• **Exercise description**:
Your answer must be an exact copy of the records, with no pictures included.

Image-text web data
———
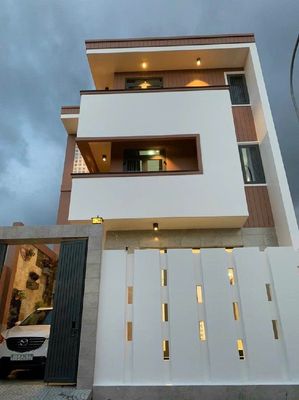 Nhà Mới 3 tầng, Sát Nguyễn Bình, 92m2, 4PN, Giá 5.9 tỷ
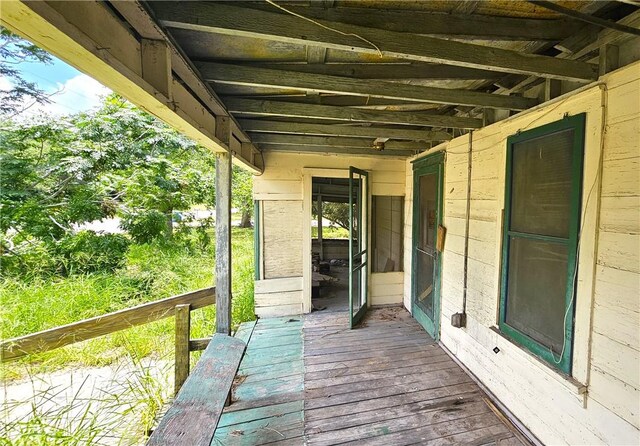 411 E Sarah St, Beeville, TX 78102 - view of wooden deck
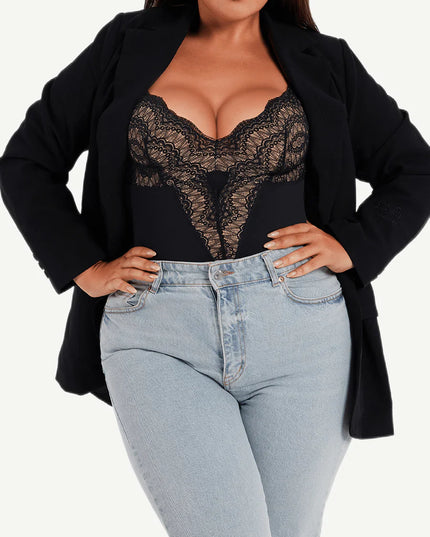 Novelia™ Elegant Sculpt – krajkové body s tanga strihom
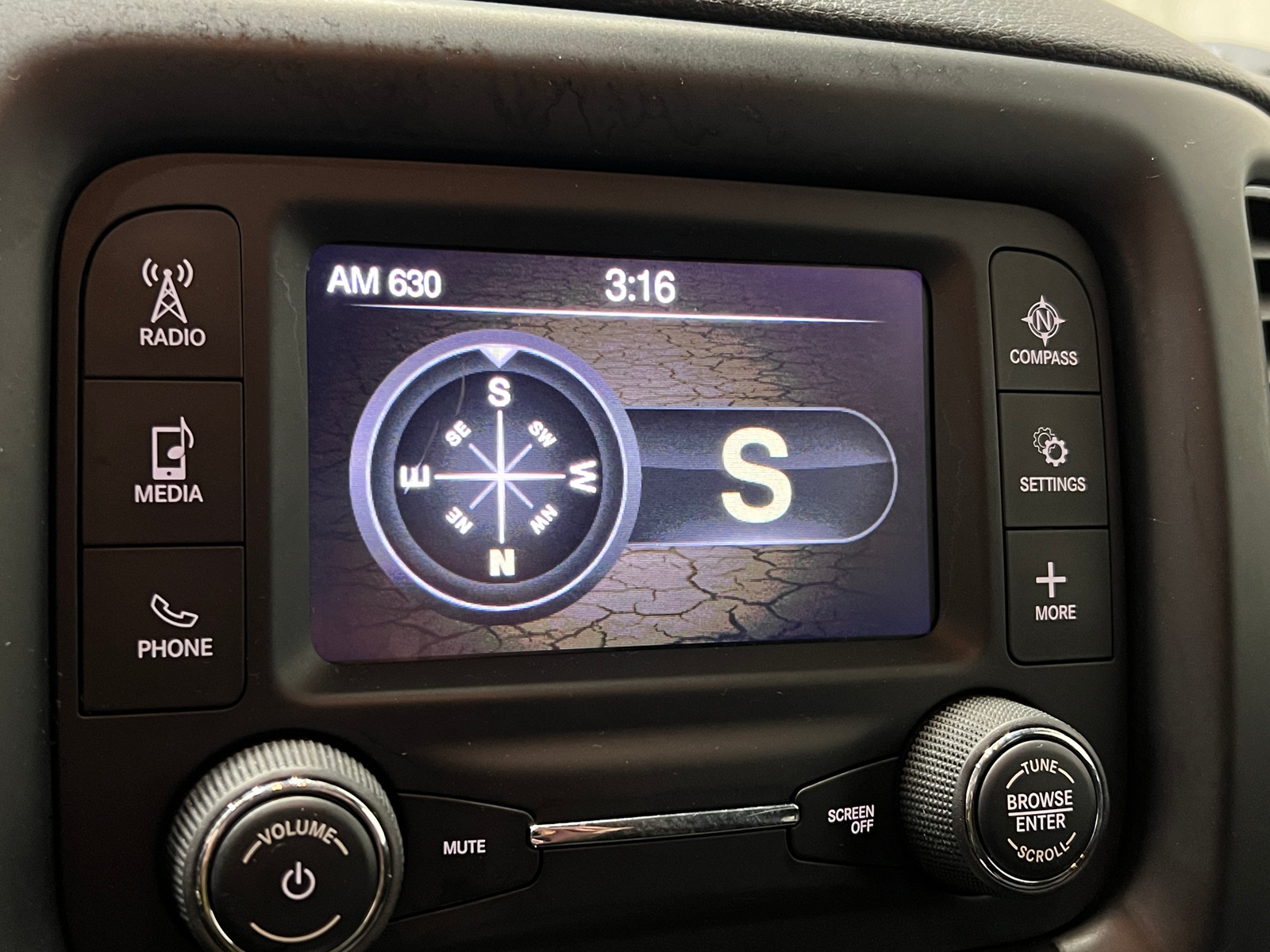 Thumbnail: 2018 Jeep Compass - 4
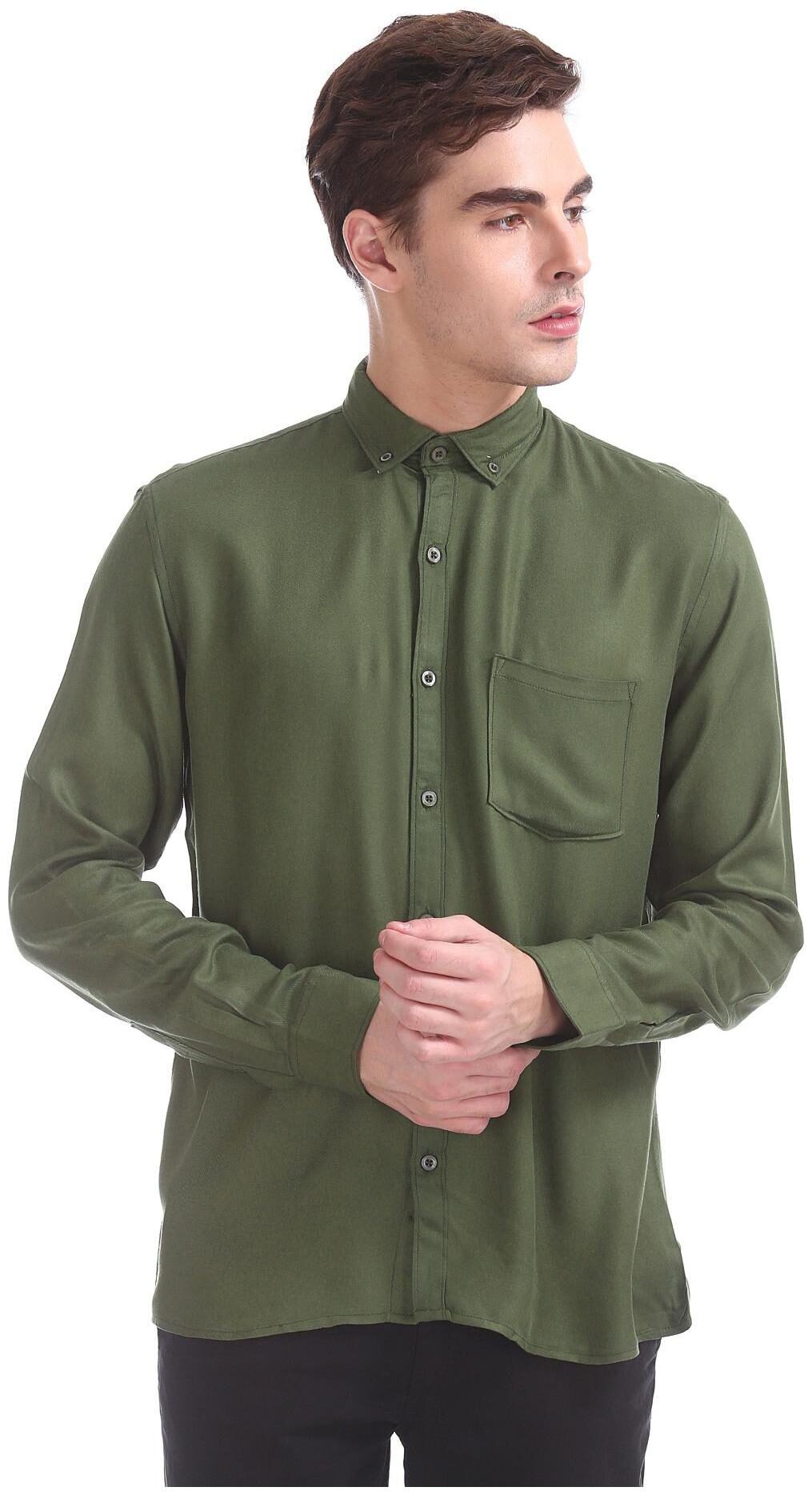 

RUGGERS Men Green Solid Regular Fit Casual Shirt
———
• **Response box**:
 Nhà Mới 3 tầng, Sát Nguyễn Bình, 92m2, 4PN, Giá 5.9 tỷ
 411 E Sarah St, Beeville, TX 78102 - view of wooden deck
 Novelia™ Elegant Sculpt – krajkové body s tanga strihom
 Thumbnail: 2018 Jeep Compass - 4

RUGGERS Men Green Solid Regular Fit Casual Shirt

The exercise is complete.